In vertebrates, the chondroitin polysaccharide undergoes extensive modifications of sulfotransferases and chondroitin-specific epimerases (Mizumoto et al. 2013; Ly et al. 2011). This results in complex yet defined CS/DS structures that may interact with various protein ligands with different degree of specificities (Le Jan et al. 2012; Mizumoto et al. 2015; Sugiura et al. 2016). In contrast, chondroitin in C.elegans is considerably less complex and the general view was, until recently, that the nematode only produces non-sulfated chondroitin (Yamada et al. 1999; Toyoda et al. 2000). This was puzzling since C.elegans, which belongs to Ecdysozoa clade, appeared to be an exception to other animals within the same clade, such as D. melanogaster, which was known to produce sulfated structures (Toyoda et al. 2000). Moreover, even animals in the evolutionary older phylum of Cniderians, containing simple organisms such as hydrozoans, produce CS (Yamada et al. 2011). This paradox was recently settled when two separate groups demonstrated that Chn may indeed be sulfated in C.elegans, although to a smaller extent (Dierker et al. 2016; Izumikawa et al. 2016). So far only one single sulfotransferase, which catalyzes the GalNAc 4-O sulfation has been identified in C.elegans. However, the presence of both 4-O and 6-O sulfated GalNAc residues was shown by MS/MS analysis of CS disaccharides, and indicated that at least one additional sulfotransferase should be expressed in the nematode (Dierker et al. 2016). In contrast, C.elegans seems to lack the chondroitin-specific epimerases present in vertebrates and no DS structures have yet been detected in this nematode. Taken together, apart from the epimerase, all the components required for CS biosynthesis are highly conserved between C.elegans and humans, demonstrating an essential role for CS throughout metazoan evolution (Olson et al. 2006; Yamada et al. 2002; Berninsone et al. 2001).
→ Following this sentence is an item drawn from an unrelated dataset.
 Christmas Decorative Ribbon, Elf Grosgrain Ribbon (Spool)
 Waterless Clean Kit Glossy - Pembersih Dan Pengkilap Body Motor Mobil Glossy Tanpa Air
5 Glycosaminoglycan Diversity from C.elegans to Human

However, not all aspects of GAG-evolution seems well conserved. Hyaluronan (HA), a non-sulfated GAG composed of long repeating units of GlcNAc and GlcA disaccharides, seems to have appeared quite late in evolution (Csoka and Stern 2013). The genome in C.elegans does not contain the necessary synthases for HA and there is no structural evidence of HA in the nematode (Yamada et al. 1999; Stern 2003). HA has various biological roles and is a prominent component of hydrated matrices in the extracellular matrix. Since Chn/CS only contains a few percent of sulfated disaccharides in C.elegans (Dierker et al. 2016), the large majority of the chains are therefore likely non-sulfated structures. Apart from their sizes, chondroitin and HA are relatively similar in structure with differences only in the isomeric identities of the HexNAc residues (GalNAc vs GlcNAc). It has been suggested that chondroitin in C.elegans is a possible HA ancestor, carrying out functions in C.elegans that are assigned to HA in vertebrates (Stern 2003). While vertebrates have evolved two different GAG structures, CS and HA, to accommodate separate cellular functions, one may speculate that this structural-functional specialization also occurs in C.elegans to a certain extent. It is thus possible that non-sulfated chondroitin accommodate HA-like functions (e.g. provide hydrated matrices); whereas sulfated chondroitin structures accommodate more specialized functions (e.g. provide binding motifs to specific ligands).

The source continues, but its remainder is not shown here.